Sales people who commit to making their target phone prospecting metrics (dials/connects) regardless of the myriad of other distractions in their day, need to be regularly and sincerely acknowledged. These are your all-stars - make sure you are taking the time to visibly and consistently reinforce and reward them. There are numerous ways to show your appreciation and gratitude through spot, daily, weekly acknowledgement in both individual or team settings.
4. Failure to coach for skill development
One of the underpinnings to success at anything is skill or proficiency in the activity itself. How many hours of lessons, training and practice does a musician or an athlete perform to master their instrument or sport?

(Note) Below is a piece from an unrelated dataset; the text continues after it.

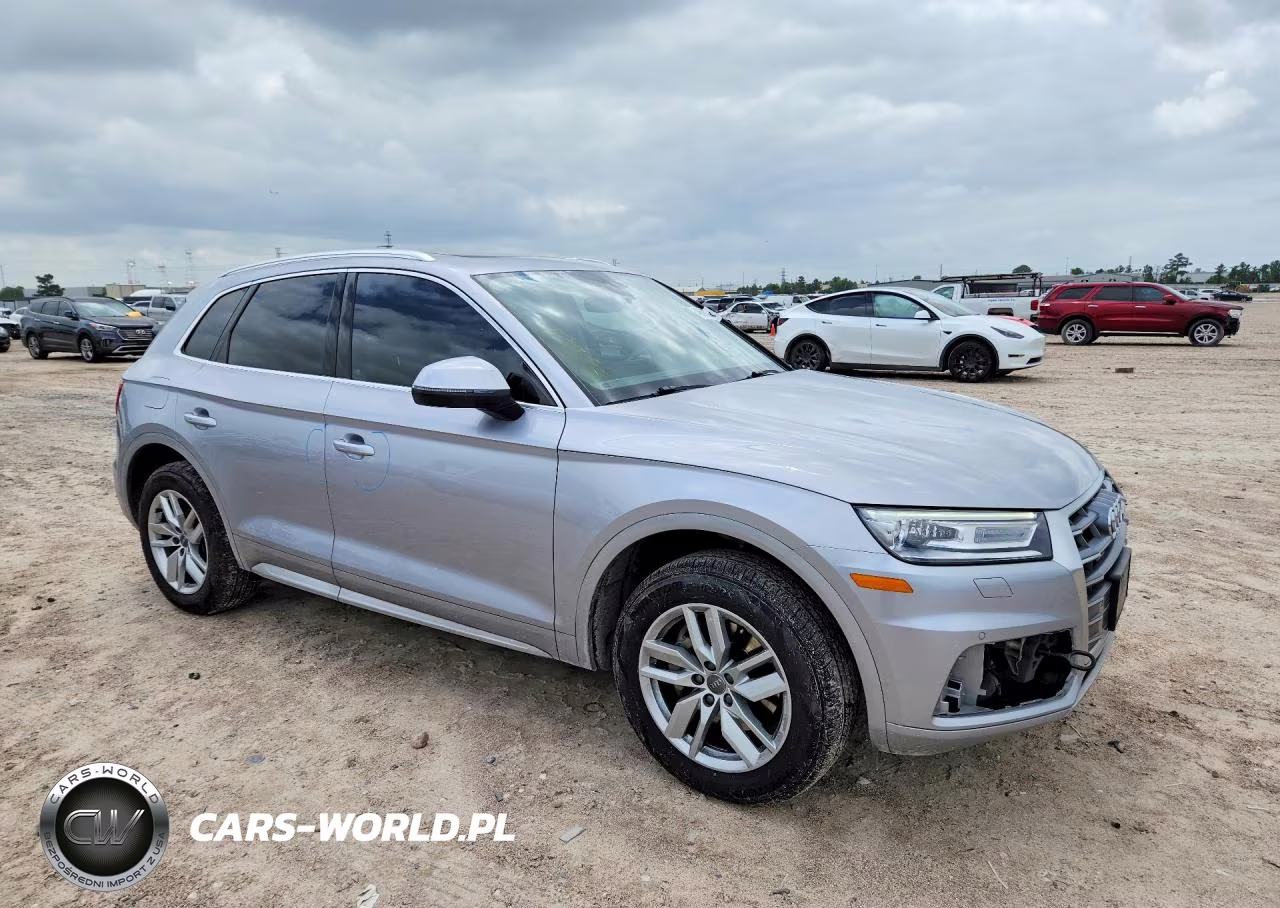 2020 Audi Q5 Premium VIN:WA1ANAFY5L2009983 - 4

We can appreciate that phone prospecting is low on the favourite thing to practice list but like any other activity it becomes easier to do when you have a coach. Not only will coaching improve technique but also increase accountability, focus and motivation. Corresponding improvement in outcomes will act like a flywheel to drive forward the opportunity engine and increase both prospecting activity and results.

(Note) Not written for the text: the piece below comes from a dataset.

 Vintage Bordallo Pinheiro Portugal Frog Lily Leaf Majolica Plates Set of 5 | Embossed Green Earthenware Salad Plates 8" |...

But the Number One Reason we find that companies are not successful in their prospecting efforts is:
5. They do not take ownership in the teams accountable for doing phone prospecting
There are many examples of when the managers and a sales culture fail to hold people responsible to prospecting but below is a recent example that may hit home for some.
We recently observed a series of national prospecting blitz afternoons for a mid- sized B2B technology company to which an 80% participation rate was met by the sales team in week one. When we asked where the other people were we were told they had customer meetings that conflicted with the weekly blitz and that the company motto was the customer always comes first. In week 2 the attendance rate fell to 65%.
Digging in deeper we found that several of these missing people had also booked customer appointments during the previous weeks set prospecting blitz time. In addition it also seemed another 15% of the sales team had realized that the customer comes first. Unfortunately the blitz never made it into week 3 and was cancelled due to many conflicts.
In order to become a peak performance culture, we would recommend making prospecting the top priority of your sales reps, sales management and in some cases your entire company. Depending on your type and line of business, this includes finding the correct balance between the quantity of prospecting phone calls to complement all other lead generation activities.
Not worried about prospect calls?
In May of this year I was making morning prospect calls for our Effective First Calls prospecting program (I do this 4 times a week) and when I spoke to one particular VP of sales he told us that cold calling was not something he worried about. Specifically his response to my request to meet and help was “I am the VP and my managers and other people took care of that kind of stuff”. Taking another stab to qualify and engage this contact I asked him if he owned the sales revenue number for the company and he responded. “Of course I do – I am the VP of Sales” and hung up.
I noticed in September (4 months later) that he had been let go by the company and they had posted for a new VP of Sales. Need I say more on this point?